Советская делегация в Индии.

В центре: Дж. Неру, Ф. Р. Козлов, К. Е. Ворошилов

Дели, 1960 год

Торжественный кортеж

1960 год

На одном из завтраков, даваемом губернатором штата, у которого мы оказались в гостях во время многочисленных поездок по стране, я сидел рядом с Ворошиловым. Завтрак был устроен в саду губернаторской резиденции, под шатрами. В какой-то момент Климент Ефремович обратился ко мне:

— Послушайте, почему это у них в Индии губернаторы? Что за губернаторы такие? Вот у нас в России, я понимаю, были губернии, ими управляли губернаторы. А у них ведь не губернии, а штаты. Почему же губернаторы?

Поскольку Ворошилов плохо слышал, я склонился к самому его уху и объяснил, что слово «губернатор» имеет латинские корни, так называется правитель какой-либо области. В США, например, тоже губернаторы. Он посмотрел на меня с некоторым удивлением и сказал:

— Да? А я думал, это только у нас они были…

Не могу забыть один нелепый случай. В Калькутте нас повели в прекрасный местный музей. Залы пустовали, присутствовали только служители, так как музей по случаю посещения его высокой делегацией для широкой публики был закрыт.

Мы шли довольно большой группой, включая экскурсоводов. Впереди, конечно, Ворошилов. Вдруг где-то в углу он углядел человека с длинными нечесаными волосами и патлатой бородой. По виду — настоящий отшельник (в Индии таких людей можно встретить довольно часто). Его волос в буквальном смысле никогда не касалась гребенка. Как потом выяснилось, это был уборщик музея, он принадлежал к секте, члены которой с детства не стригут и не расчесывают свои волосы.

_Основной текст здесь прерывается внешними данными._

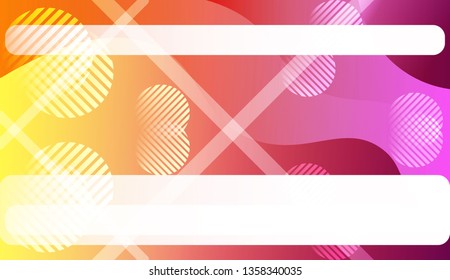 Wave Abstract Background. For Your Design Wallpaper, Presentation, Banner, Flyer, Cover Page, Landing Page. Vector Illustration with Color Gradient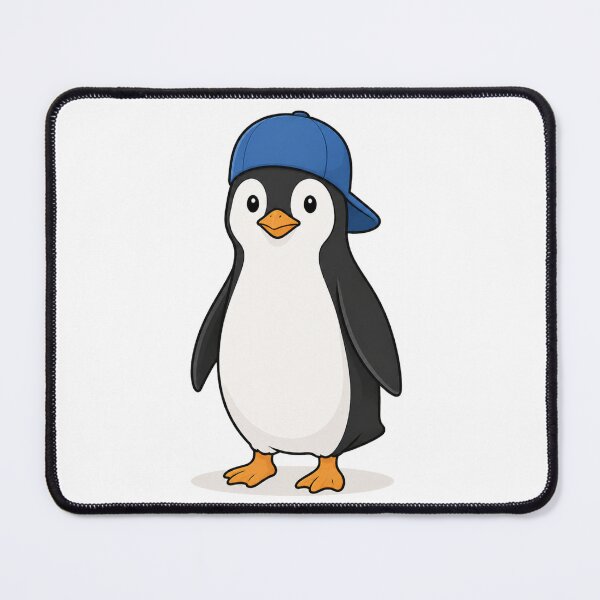 Item preview, Pepe the Penguin – Cute Penguin with Blue Cap designed and sold by LittleGinnyArt.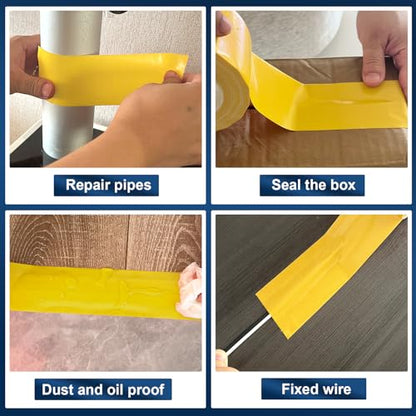 Yellow Duct Tape Heavy Duty, 2.36 Inch x 36 Yard Waterproof Strong Adhesive Duct Tape for Indoor Outdoor Repairs Tear by Hand, 1 Roll - color: Yellow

Увидев этого человека, Ворошилов резво устремился к нему. Вся группа — за ним. Подойдя ближе, Ворошилов стал причитать:

— Это что же за человек такой несчастный! Что же у него на голове делается? Что у него с бородой творится? Его надо помыть, постричь и причесать!

Кто-то из индийцев негромко разъяснил мне, а я — Ворошилову, почему у мужчины нечесаная шевелюра. Легендарный полководец только отмахнулся и продолжал распаляться:

— Ничего подобного! Что вы мне тут сказки рассказываете! Просто он бедняк! У него и расчески-то своей наверняка нет!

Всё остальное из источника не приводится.